The Parliamentary Joint Committee on Human Rights has been tasked to inquire and report to Parliament on the matter specified in the Term of reference as below.
I must admit that I am not comfortable with either the QUT students’ case or Bill Leak’s Cartoon case. The former case was dismissed by the Federal Magistrate with a comment that it did not have merits (I agree with the conclusion) and the latter complaint has now been withdrawn by the complainant(s). I believe both cases had no real merit and should not have been initiated in the first instance.
This is where I believe, and agree with, the suggestions from Julian Leeser, an MP from the Coalition.
” Repealing s 18C of the Racial Discrimination Act would throw the baby out with the bath water”, Mr Leeser said. “The real problem is the process of the Australian Human Rights Commission which forces 18C complaints into an almost compulsory conciliation process, regardless of the merits of the complaint.”
Mr Leeser recommended that the Australian Human Rights Commission Act be amended so that the Commission must initially determine whether a complaint under 18C has little prospect of success.

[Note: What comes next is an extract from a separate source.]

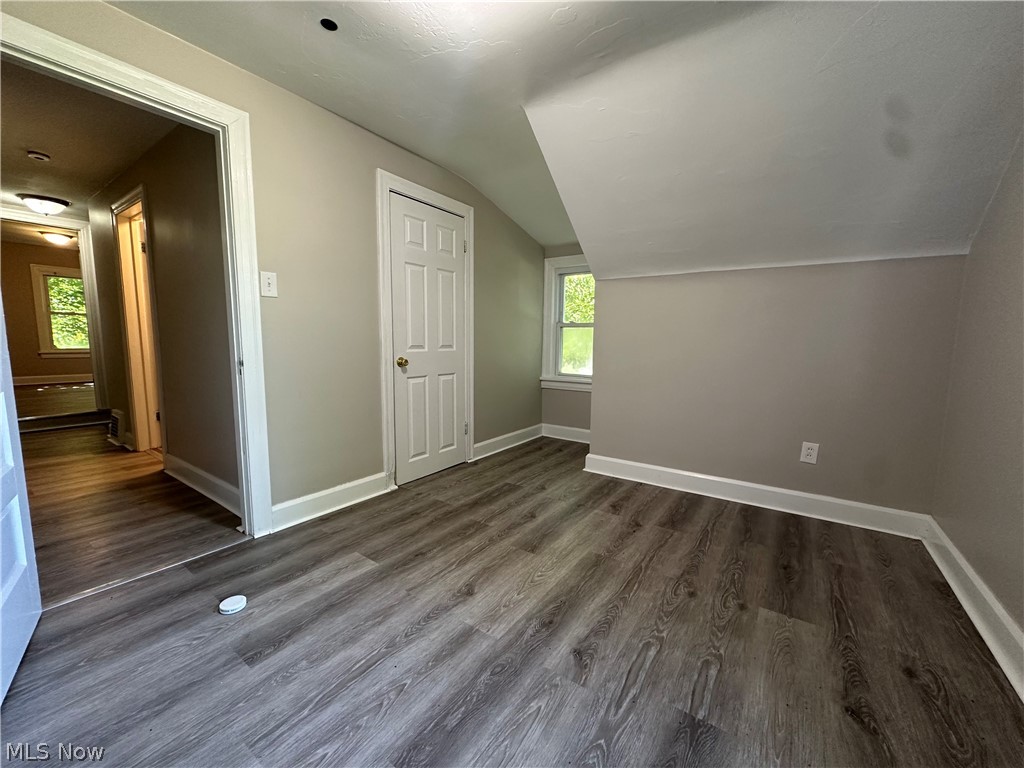 493 Bacon Avenue Akron OH 44320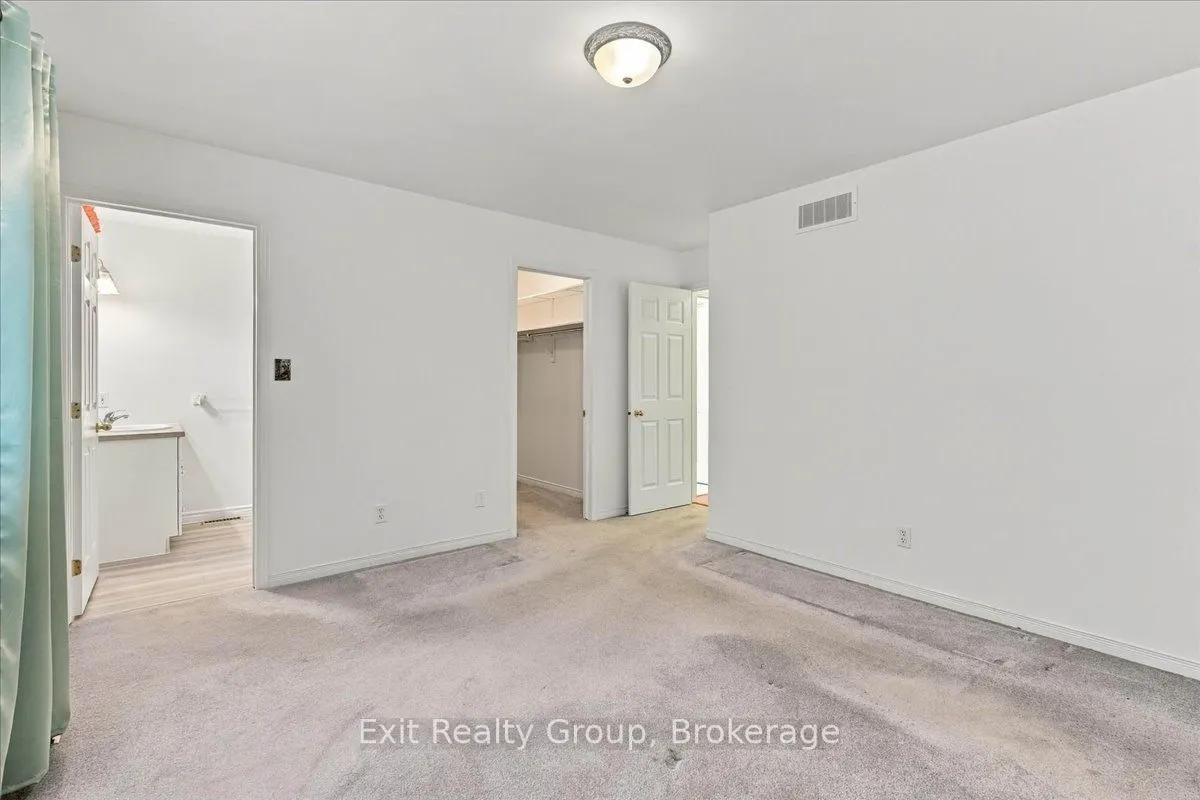 6 Hemlock Crescent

In the event that such a determination is made, the complaint would be terminated.
The complainant could have such a determination reviewed by the Federal Court on grounds limited to jurisdictional error only. The complainant would also need to provide security for costs before exercising their right to judicial review.
“Many of the cases which have drawn wide public discussion – the Bill Leak case and the QUT Students case – may have been more swiftly determined if the Commission had been able to terminate them on the basis that they had little prospect of success”, said Mr Leeser. “The new process I am proposing would lead to greater public confidence in the handling our racial discrimination laws and, at the same time, maintain Australia’s strong protections against racism.”
Let us see what exactly is section 18C and what is exempted from 18C (Section 18D).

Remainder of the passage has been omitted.